TASK TO CARRY OUT —
The expected answer is the set of lines in the data below between the line holding "Cheese stuffed peppers on a white plate." and the line holding "Chef dusting hands", inclusive, written out exactly.

-------- SOURCE RECORDS --------

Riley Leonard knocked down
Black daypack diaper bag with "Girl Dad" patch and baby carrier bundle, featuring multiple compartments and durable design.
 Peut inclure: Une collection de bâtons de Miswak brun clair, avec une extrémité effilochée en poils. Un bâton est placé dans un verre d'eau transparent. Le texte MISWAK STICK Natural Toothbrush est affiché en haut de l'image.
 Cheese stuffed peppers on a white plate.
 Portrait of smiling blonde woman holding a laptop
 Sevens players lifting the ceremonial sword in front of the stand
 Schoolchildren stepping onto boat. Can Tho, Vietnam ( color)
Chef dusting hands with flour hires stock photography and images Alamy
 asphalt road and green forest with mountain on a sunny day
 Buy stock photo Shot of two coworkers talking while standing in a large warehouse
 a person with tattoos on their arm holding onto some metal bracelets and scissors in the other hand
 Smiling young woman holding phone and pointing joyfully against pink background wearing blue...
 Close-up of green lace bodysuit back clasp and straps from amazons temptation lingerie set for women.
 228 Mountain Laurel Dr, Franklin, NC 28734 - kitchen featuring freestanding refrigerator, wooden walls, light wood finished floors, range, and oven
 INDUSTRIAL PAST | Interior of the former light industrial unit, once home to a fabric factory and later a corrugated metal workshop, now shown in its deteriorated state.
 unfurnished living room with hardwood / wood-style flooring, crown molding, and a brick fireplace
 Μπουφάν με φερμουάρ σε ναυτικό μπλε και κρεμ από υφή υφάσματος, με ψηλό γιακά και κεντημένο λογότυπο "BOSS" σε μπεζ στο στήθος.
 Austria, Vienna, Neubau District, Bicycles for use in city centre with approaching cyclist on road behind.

--------

TASK ANSWER —
 Cheese stuffed peppers on a white plate.
 Portrait of smiling blonde woman holding a laptop
 Sevens players lifting the ceremonial sword in front of the stand
 Schoolchildren stepping onto boat. Can Tho, Vietnam ( color)
Chef dusting hands with flour hires stock photography and images Alamy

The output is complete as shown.